I just completed a detailed interview with Gary Short, Kimberly Clark’s director of Talent Management. The company has had a legacy performance management process for 20 years which had limited adoption but a very long term history. The old process grouped employees into only three levels: meets expectations, exceeds, or does not meet expectations. As one can imagine, most employees were rated in the “meets” category and since there were very few guidelines for establishing these categories (objectives and competency management were not required), employees also felt the ratings were somewhat arbitrary.
The use of Clear and Distinct Competencies
In 2003 they decided to revamp the process and build an entirely new process which allowed greater granularity, clear guidelines for objectives, and a new competency model for every employee in the company. After studying many competency models the company decided to create six major competencies: Decisiveness, Innovative, Inspiration, Visionary, Collaborative, Building Talent.

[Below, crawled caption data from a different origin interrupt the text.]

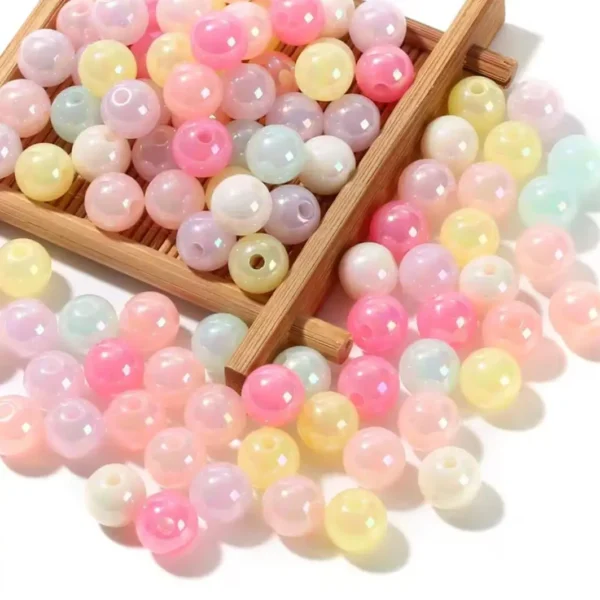 acrylic shimmer beads for diy jewelry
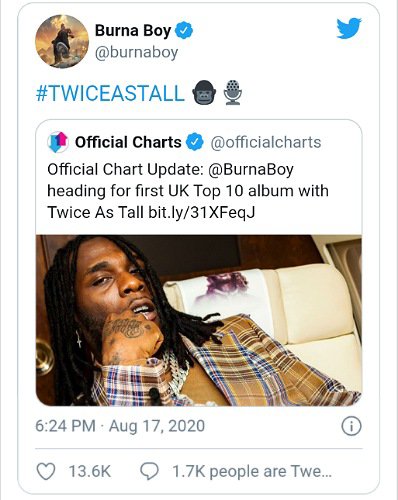 "Twice As Tall" makes it to top 10 albums in UK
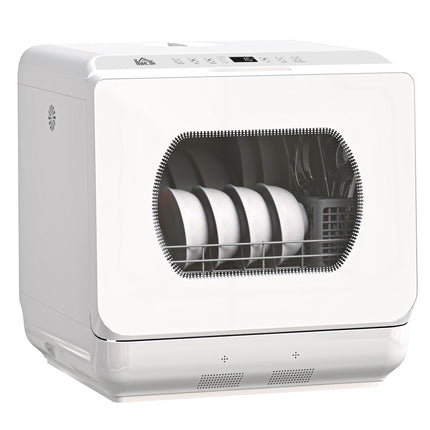 Table Top Dishwasher with Built-in 6L Water Tank, Mini Countertop Dishwasher with 6 Programs, 4 Place Settings, White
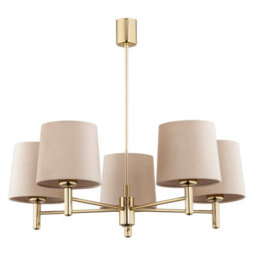 Luminosa Lighting Luminosa Ponte Plus Multi Arm Pendant Ceiling 5 Light Beige, Dark Brass Steel - thumbnail 3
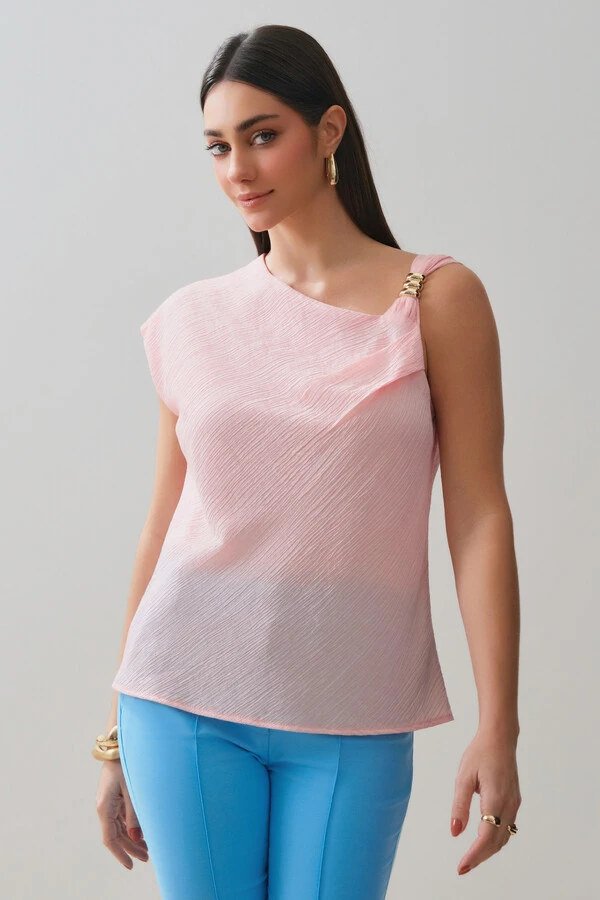 Blusa Assimétrica Alça Gold Pregas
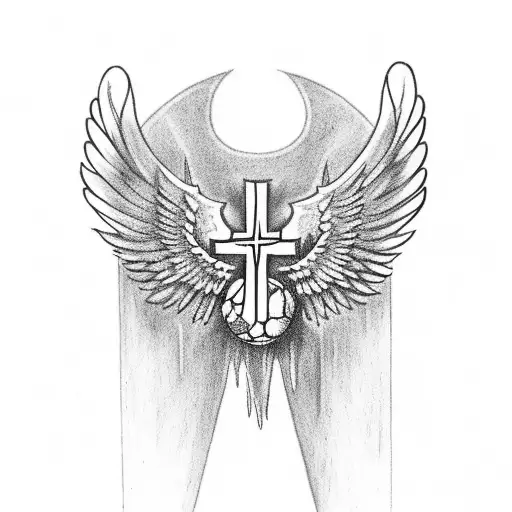 Cross With Wings With Number 45 On It And A Football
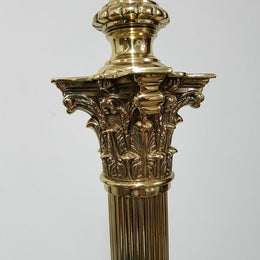 Edwardian Brass and Cast Iron Standard Lamp with Shade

Each of these competencies is applied toward employees with different “behaviors” depending on whether they are an executive, first line manager, or individual contributor. For example, “building talent” to an individual contributor means increasing your own skills in your job. The company developed a 9-box rating scale which rates competency assessment on the vertical axis and goal attainmnent on the horizontal axis (this is common, typically called "performance" on the horizontal and "potential" on the vertical). This way Kimberly Clark can clearly see how people compare between behavioral development and business goal attainment, yet the same competencies are used throughout the organization.

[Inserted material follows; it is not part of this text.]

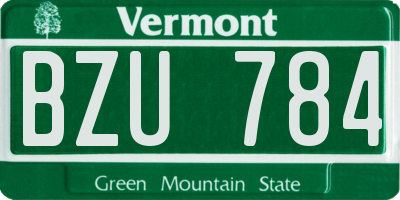 VT license plate BZU784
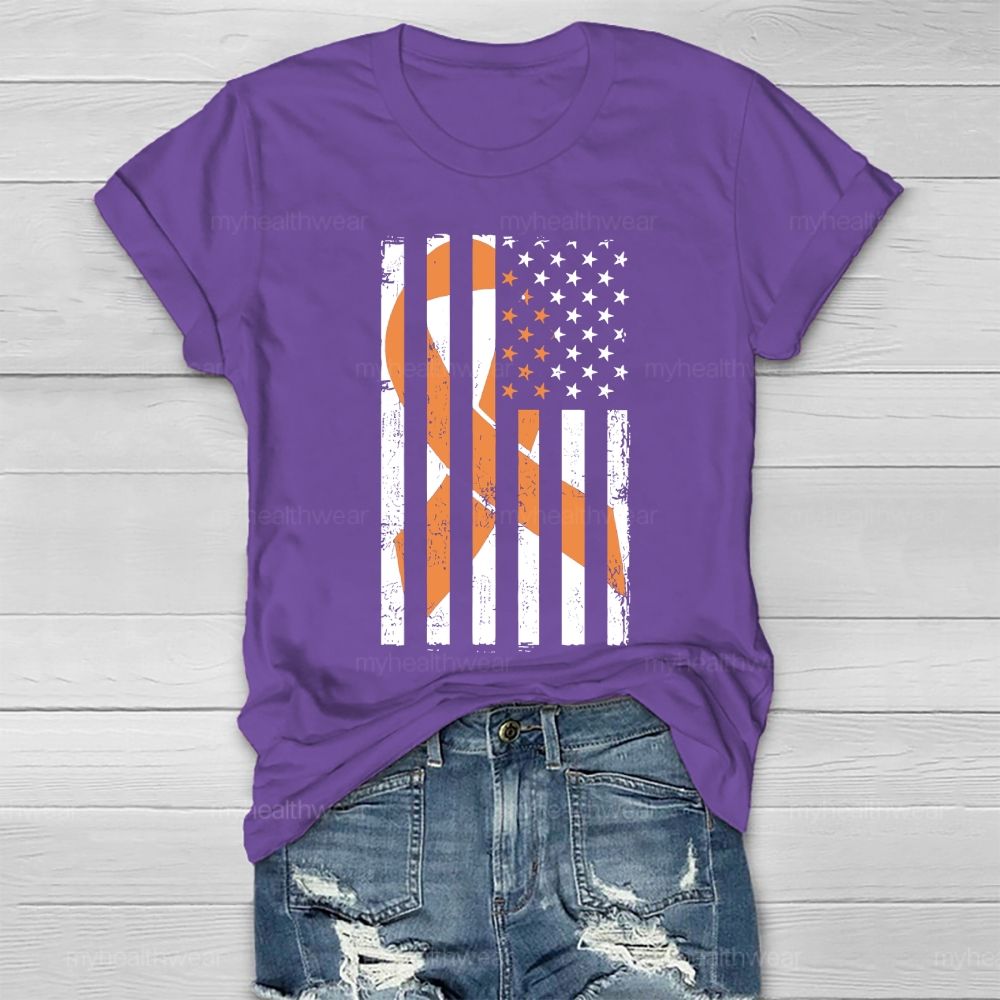 Orange Ribbon Flag Star Healthwear T-shirt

A Common Strategy for Performance Management
This overall approach is what we call the "coaching and development" centric approach to performance management. Other companies such as Aetna use a similar approach, but in Aetna's case there are hundreds of competencies. The goal here is to differentiate between "performance" (goal attainment) and "potential" (competency assessment). Competency assessment tells the organization (and the individual) "how" they are accomplishing their goals. It enables the manager and the individual to understand how they can improve their performance, and it gives them specific areas to seek out coaching and development.
As we describe in High Impact Performance Managememt, and in much of our most recent research on the Top 22 High-Impact Talent Management Processes, coaching and development are far more important drivers of organizational performance than simply assessing people against their goals. Consider what a winning football coach does: he doesn't have to remind the quarterback that he threw an interception -- what he does is identify why such an error occurred and work with the quarterback and the offensive line to make sure that such behaviors and results can be prevented in the future.
Competencies form the Basis for Coaching
The reason that competencies are so important is that they give the individual and the manager a language and a set of tools for coaching and development. Why did a product manager at Kimberly Clark create a product which may not have succeeded? Perhaps he or she was not "decisive" enough, in the right way. Once again we see that competencies make up the bone-structure of many of our high-value talent management processes.